Spotted in production:

May  1 15:45:18 mw1223:  SlowTimer [59999ms] at runtime/ext_mysql: slow query:
SELECT /* ApiQueryAllPages::run Pywikibot-test */  /*! STRAIGHT_JOIN */
    page_namespace,page_title,page_id,page_content_model,page_restrictions,page_is_redirect,
    page_is_new,page_touched,page_latest,page_len 
FROM
    `page`,`langlinks`
WHERE
    page_namespace = '0' AND (page_title>='!') AND (page_id=ll_from)  
GROUP BY
    page_title,page_id ORDER BY page_title LIMIT 6

The explain for the query is deceptively simple:

1mysql:wikiadmin@db1052 [enwiki]> explain SELECT /* ApiQueryAllPages::run Pywikibot-test */ /*! STRAIGHT_JOIN */ page_namespace,page_title,page_id,page_content_model,page_restrictions,page_is_redirect,page_is_new,page_touched,page_latest,page_len FROM `page`,`langlinks` WHERE page_namespace = '0' AND (page_title>='!') AND (page_id=ll_from) GROUP BY page_title,page_id ORDER BY page_title LIMIT 6;
2+------+-------------+-----------+------+--------------------+------------+---------+---------------------+----------+------------------------------------+
3| id | select_type | table | type | possible_keys | key | key_len | ref | rows | Extra |
4+------+-------------+-----------+------+--------------------+------------+---------+---------------------+----------+------------------------------------+
5| 1 | SIMPLE | page | ref | PRIMARY,name_title | name_title | 4 | const | 18727509 | Using index condition; Using where |
6| 1 | SIMPLE | langlinks | ref | ll_from | ll_from | 4 | enwiki.page.page_id | 2 | Using index |
7+------+-------------+-----------+------+--------------------+------------+---------+---------------------+----------+------------------------------------+
82 rows in set (0.08 sec)

Per @Anomie on IRC:

It's choosing a good index and not filesorting. The only bit that looks suspicious to me is the join with langlinks, if langlinks is mostly empty on that wiki, which would make it have to go through a lot of rows."

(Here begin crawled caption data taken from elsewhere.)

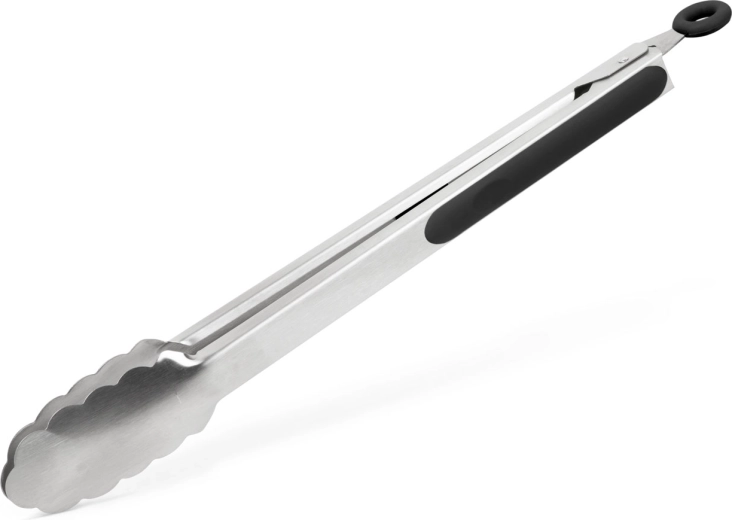 Pinces de barbecue en acier inoxydable 34 cm noires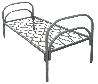 Со сварной сеткой прочные металлические кровати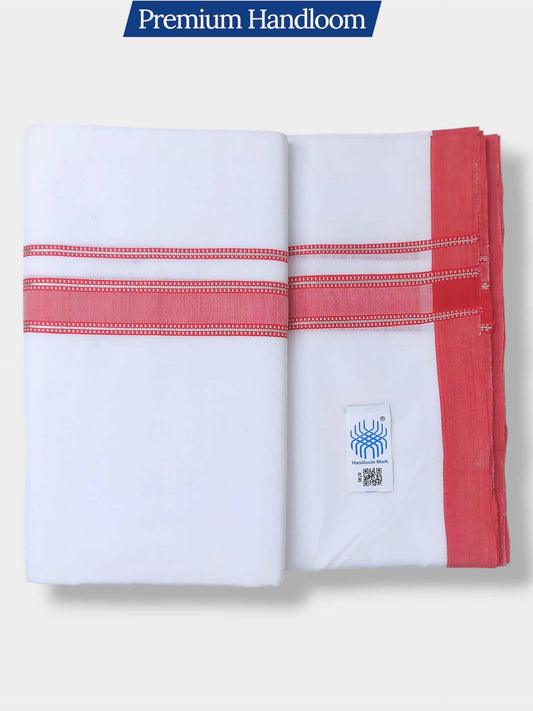 Kerala Premium Balaramapuram Handloom Dhoti/Mundu for Men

On a wiki like enwiki, this query is fast. On something like wikidatawiki where there's basically no langlinks in NS0, the edge case is really really slow, as in 60s or more.

An idea was floated:

No idea. Removing the straight join might work for wikidatawiki since langlinks is so small, but still wouldn't help the general case where other namespaces have lots of langlinks. Could add a "ll_from_namespace" column, I suppose.

But:

That could work, but would require backfilling to be useful.

Event Timeline

demon raised the priority of this task from to Medium.
demon updated the task description. (Show Details)
demon added subscribers: demon, Anomie.

It's basically one of those "Go through all pages in the namespace to find the tiny fraction that pass the filter" issues.

If nothing can be done to have the filtering done in SQL, I suppose we could select the $limit rows with a left join and filter them in PHP when $wgMiserMode is set (returning fewer than $limit, possibly 0, to the client), like we do in a few other places.

hashar set Security to None.
hashar moved this task from Untriaged to Dec2019/1.35.wmf.10+ on the Wikimedia-production-error board.
This comment was removed by Krinkle.
mmodell changed the subtype of this task from "Task" to "Production Error".Aug 28 2019, 11:12 PM
Aklapper changed the task status from Stalled to Open.Oct 19 2020, 4:34 PM

The previous comments don't explain who or what (task?) exactly this task is stalled on ("If a report is waiting for further input (e.g. from its reporter or a third party) and can currently not be acted on"). Hence resetting task status.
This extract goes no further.